[Edu-sig] Comments on Kay's Reinvention of Programming proposal (was Re: More Pipeline News)

Mon Mar 19 06:26:50 CET 2007

kirby urner wrote (way back on 2/16/2007):
> In the meantime, the Kay Group is thinking to reinvent
> the wheel and implement the whole show in like just
> 20K lines of code, intended for pedagogical purposes
> (not just pie in the sky).
> 
> http://irbseminars.intel-research.net/AlanKayNSF.pdf
> 
> More power to 'em, though of course OLPC isn't waiting
> for that project to finish (I doubt Kay would want it to --
> kids need Net access today -- tomorrow is not soon
> enough).  And besides, we already have Python.

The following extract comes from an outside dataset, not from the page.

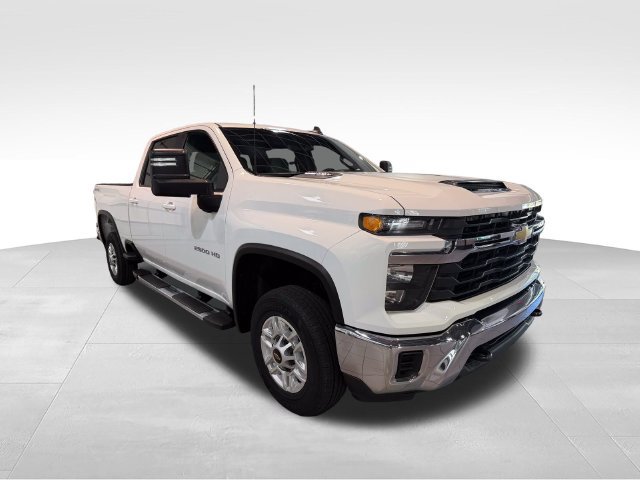 Used 2024 Chevrolet Silverado 2500 LT AWD/4WD image 3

Thanks for posting that link.

Finally got around to reading this entire proposal (i.e. finally got
around to having my Debian system talk via CUPS to the networked HP
printer in another building so I could print it -- and I should start by
thanking Alan Kay and his original Xerox PARC group for making that sort
of thing possible. :-).

These are some comments on:
   "Steps Toward The Reinvention of Programming: A Compact And Practical
Model of Personal Computing As A Self-Exploratorium"
  Alan Kay, Dan Ingalls, Yoshiki Ohshima, Ian Piumarta, Andreas Raab
  http://irbseminars.intel-research.net/AlanKayNSF.pdf
Related slides by Ian Piumarta:
  http://piumarta.com/papers/EE380-2007-slides.pdf
Related webcast by Ian Piumarta:
  http://lang.stanford.edu/courses/ee380/070214/070214-ee380-300.wmv

Obviously, there is only so much you can fit into a proposal, so these
comments don't mean Kay's group has not thought about the following.
And also, any proposal has to pick and choose what it emphasizes. So I
will bring up issues from what I think important, but that does not mean
the project as an entity would even necessarily better off if it
addressed all these points given its limited resources and attention.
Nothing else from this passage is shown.